Short web captions
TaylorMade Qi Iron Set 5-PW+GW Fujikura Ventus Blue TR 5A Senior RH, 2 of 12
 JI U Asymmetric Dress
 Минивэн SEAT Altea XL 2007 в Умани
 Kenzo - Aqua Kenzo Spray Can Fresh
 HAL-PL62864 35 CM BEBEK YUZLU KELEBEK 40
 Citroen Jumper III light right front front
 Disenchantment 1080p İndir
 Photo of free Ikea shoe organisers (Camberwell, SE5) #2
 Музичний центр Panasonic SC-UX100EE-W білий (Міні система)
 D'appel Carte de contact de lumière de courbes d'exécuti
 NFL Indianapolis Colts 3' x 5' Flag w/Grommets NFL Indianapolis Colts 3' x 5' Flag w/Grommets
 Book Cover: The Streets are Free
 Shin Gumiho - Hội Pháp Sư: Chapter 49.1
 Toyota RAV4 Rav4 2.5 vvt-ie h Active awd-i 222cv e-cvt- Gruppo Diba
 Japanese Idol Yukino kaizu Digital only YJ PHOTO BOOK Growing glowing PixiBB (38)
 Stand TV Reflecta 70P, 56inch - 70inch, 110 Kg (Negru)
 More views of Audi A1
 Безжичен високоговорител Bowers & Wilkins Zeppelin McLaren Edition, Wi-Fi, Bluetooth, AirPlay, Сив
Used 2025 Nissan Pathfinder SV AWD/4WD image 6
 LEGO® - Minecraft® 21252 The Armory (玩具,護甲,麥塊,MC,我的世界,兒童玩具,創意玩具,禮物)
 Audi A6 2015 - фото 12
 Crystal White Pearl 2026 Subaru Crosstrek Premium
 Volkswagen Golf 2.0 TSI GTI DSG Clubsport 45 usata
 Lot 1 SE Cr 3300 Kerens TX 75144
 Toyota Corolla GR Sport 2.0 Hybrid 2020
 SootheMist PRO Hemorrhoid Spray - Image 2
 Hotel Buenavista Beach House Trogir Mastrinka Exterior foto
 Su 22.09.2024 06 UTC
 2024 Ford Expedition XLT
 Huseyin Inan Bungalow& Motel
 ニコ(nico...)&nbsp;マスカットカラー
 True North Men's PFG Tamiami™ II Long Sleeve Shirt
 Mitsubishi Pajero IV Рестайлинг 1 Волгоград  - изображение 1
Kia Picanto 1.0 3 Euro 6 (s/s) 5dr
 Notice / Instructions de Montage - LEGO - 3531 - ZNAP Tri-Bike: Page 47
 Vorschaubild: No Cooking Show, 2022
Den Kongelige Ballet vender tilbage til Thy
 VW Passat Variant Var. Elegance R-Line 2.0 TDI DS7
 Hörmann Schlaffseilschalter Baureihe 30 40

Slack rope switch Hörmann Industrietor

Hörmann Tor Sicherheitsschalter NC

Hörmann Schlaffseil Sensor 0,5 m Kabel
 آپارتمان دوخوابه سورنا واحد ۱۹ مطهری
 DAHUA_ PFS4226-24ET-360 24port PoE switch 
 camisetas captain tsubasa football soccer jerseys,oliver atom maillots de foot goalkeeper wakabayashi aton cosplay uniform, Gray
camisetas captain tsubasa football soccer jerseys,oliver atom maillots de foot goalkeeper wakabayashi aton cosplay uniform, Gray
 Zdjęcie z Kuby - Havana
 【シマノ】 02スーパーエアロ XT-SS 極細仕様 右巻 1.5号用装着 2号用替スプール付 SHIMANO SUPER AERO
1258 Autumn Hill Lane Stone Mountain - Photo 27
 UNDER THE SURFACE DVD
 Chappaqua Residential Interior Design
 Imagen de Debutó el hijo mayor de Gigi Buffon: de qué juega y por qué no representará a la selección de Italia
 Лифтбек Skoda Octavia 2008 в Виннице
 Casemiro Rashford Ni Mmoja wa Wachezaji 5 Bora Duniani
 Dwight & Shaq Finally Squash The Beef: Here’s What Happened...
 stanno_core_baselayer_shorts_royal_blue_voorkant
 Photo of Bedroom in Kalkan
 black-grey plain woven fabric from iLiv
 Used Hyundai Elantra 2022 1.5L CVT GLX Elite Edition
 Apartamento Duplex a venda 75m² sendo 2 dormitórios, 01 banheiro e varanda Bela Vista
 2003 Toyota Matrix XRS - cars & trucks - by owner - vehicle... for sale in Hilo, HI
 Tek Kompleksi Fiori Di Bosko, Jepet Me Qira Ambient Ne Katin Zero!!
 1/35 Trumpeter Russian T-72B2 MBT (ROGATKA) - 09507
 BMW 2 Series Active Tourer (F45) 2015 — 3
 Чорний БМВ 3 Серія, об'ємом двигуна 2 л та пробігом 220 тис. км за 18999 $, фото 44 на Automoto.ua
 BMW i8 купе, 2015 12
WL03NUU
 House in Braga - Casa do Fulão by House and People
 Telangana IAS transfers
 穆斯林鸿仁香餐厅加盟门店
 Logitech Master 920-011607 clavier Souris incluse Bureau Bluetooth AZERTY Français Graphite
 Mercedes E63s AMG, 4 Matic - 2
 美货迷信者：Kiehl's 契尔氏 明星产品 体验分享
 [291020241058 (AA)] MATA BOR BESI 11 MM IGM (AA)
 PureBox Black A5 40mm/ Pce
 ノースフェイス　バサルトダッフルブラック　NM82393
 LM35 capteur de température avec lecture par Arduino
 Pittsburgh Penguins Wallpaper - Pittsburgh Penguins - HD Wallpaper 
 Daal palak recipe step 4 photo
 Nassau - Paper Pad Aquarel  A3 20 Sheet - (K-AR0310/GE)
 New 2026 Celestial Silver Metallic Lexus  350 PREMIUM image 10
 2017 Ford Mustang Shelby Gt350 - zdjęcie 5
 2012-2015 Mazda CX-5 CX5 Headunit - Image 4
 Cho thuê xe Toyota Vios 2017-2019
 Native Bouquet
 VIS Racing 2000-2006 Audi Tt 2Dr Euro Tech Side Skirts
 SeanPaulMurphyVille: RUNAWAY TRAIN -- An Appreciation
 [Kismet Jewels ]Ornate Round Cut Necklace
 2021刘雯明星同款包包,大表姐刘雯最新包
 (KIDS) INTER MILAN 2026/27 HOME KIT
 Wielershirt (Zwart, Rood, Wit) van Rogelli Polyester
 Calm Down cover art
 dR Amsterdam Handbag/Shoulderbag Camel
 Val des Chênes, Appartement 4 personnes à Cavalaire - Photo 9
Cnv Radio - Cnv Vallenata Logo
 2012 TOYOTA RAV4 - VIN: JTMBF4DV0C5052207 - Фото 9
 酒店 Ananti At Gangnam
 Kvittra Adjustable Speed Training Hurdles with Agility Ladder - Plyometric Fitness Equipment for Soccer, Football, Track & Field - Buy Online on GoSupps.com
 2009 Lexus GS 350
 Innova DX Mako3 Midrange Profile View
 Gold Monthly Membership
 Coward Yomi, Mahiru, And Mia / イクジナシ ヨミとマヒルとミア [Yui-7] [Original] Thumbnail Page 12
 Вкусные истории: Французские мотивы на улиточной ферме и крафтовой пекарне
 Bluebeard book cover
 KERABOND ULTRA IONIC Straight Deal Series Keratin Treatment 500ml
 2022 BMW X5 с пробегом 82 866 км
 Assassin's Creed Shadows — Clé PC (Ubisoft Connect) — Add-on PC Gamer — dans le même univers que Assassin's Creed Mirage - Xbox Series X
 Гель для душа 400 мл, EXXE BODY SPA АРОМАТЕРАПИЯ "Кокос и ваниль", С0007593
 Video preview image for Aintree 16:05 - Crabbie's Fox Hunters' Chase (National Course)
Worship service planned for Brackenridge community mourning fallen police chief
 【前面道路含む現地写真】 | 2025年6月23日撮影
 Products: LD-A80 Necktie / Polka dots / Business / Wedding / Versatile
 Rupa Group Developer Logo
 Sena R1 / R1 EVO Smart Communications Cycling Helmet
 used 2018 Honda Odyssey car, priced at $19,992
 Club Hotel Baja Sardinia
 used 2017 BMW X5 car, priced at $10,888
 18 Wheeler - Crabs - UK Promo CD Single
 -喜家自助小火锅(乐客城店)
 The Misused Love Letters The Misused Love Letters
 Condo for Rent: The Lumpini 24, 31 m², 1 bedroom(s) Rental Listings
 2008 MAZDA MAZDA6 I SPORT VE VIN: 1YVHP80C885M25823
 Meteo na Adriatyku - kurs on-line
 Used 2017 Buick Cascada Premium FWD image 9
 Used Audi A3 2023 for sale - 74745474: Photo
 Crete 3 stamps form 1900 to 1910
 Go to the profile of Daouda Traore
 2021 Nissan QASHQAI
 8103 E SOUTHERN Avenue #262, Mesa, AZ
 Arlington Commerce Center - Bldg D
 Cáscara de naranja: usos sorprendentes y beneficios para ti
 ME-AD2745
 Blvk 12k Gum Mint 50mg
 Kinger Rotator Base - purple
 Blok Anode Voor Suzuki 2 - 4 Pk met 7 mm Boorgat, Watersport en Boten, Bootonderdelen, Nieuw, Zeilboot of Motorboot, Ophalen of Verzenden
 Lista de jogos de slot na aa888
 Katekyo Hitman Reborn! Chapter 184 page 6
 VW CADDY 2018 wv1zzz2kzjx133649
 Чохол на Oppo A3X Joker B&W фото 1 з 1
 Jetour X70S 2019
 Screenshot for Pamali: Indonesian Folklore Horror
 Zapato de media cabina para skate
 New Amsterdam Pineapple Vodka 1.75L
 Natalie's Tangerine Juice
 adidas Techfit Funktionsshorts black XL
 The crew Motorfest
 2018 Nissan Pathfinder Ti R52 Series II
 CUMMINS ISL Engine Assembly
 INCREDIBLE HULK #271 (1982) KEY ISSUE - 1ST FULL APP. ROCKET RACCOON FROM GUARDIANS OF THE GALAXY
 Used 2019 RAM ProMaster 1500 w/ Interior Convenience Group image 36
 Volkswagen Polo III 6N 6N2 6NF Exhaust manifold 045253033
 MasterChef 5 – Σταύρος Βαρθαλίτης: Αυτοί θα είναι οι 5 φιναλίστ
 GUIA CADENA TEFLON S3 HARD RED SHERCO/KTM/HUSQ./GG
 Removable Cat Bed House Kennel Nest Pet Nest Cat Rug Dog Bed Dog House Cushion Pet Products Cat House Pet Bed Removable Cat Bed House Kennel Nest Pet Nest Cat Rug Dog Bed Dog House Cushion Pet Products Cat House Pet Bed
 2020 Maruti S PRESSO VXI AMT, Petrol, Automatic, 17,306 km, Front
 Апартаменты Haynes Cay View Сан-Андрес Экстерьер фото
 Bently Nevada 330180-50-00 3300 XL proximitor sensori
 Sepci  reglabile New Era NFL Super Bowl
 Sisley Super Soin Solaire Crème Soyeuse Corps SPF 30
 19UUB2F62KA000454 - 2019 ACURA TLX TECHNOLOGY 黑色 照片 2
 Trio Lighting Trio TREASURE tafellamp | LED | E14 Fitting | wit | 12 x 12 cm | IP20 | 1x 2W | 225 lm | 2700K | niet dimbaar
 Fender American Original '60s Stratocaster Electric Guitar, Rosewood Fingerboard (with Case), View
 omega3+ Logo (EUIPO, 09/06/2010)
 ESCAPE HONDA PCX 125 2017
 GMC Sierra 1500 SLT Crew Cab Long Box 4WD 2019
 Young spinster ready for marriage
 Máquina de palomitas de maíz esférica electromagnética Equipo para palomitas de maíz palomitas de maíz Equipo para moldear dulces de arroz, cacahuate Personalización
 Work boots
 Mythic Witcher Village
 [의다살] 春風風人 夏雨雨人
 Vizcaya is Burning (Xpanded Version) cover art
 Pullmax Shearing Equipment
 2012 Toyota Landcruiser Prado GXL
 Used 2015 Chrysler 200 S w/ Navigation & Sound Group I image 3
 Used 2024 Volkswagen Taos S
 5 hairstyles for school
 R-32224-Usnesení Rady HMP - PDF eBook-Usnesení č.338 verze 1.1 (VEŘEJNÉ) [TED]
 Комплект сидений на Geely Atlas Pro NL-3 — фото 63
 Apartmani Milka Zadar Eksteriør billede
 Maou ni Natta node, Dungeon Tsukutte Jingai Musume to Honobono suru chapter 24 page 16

WORK TO COMPLETE — Please give an exact copy of the lines above, beginning with the line containing "LM35 capteur de" and running through the line containing "VIS Racing 2000-2006", and of no other lines.

SOLUTION BELOW —
 LM35 capteur de température avec lecture par Arduino
 Pittsburgh Penguins Wallpaper - Pittsburgh Penguins - HD Wallpaper 
 Daal palak recipe step 4 photo
 Nassau - Paper Pad Aquarel  A3 20 Sheet - (K-AR0310/GE)
 New 2026 Celestial Silver Metallic Lexus  350 PREMIUM image 10
 2017 Ford Mustang Shelby Gt350 - zdjęcie 5
 2012-2015 Mazda CX-5 CX5 Headunit - Image 4
 Cho thuê xe Toyota Vios 2017-2019
 Native Bouquet
 VIS Racing 2000-2006 Audi Tt 2Dr Euro Tech Side Skirts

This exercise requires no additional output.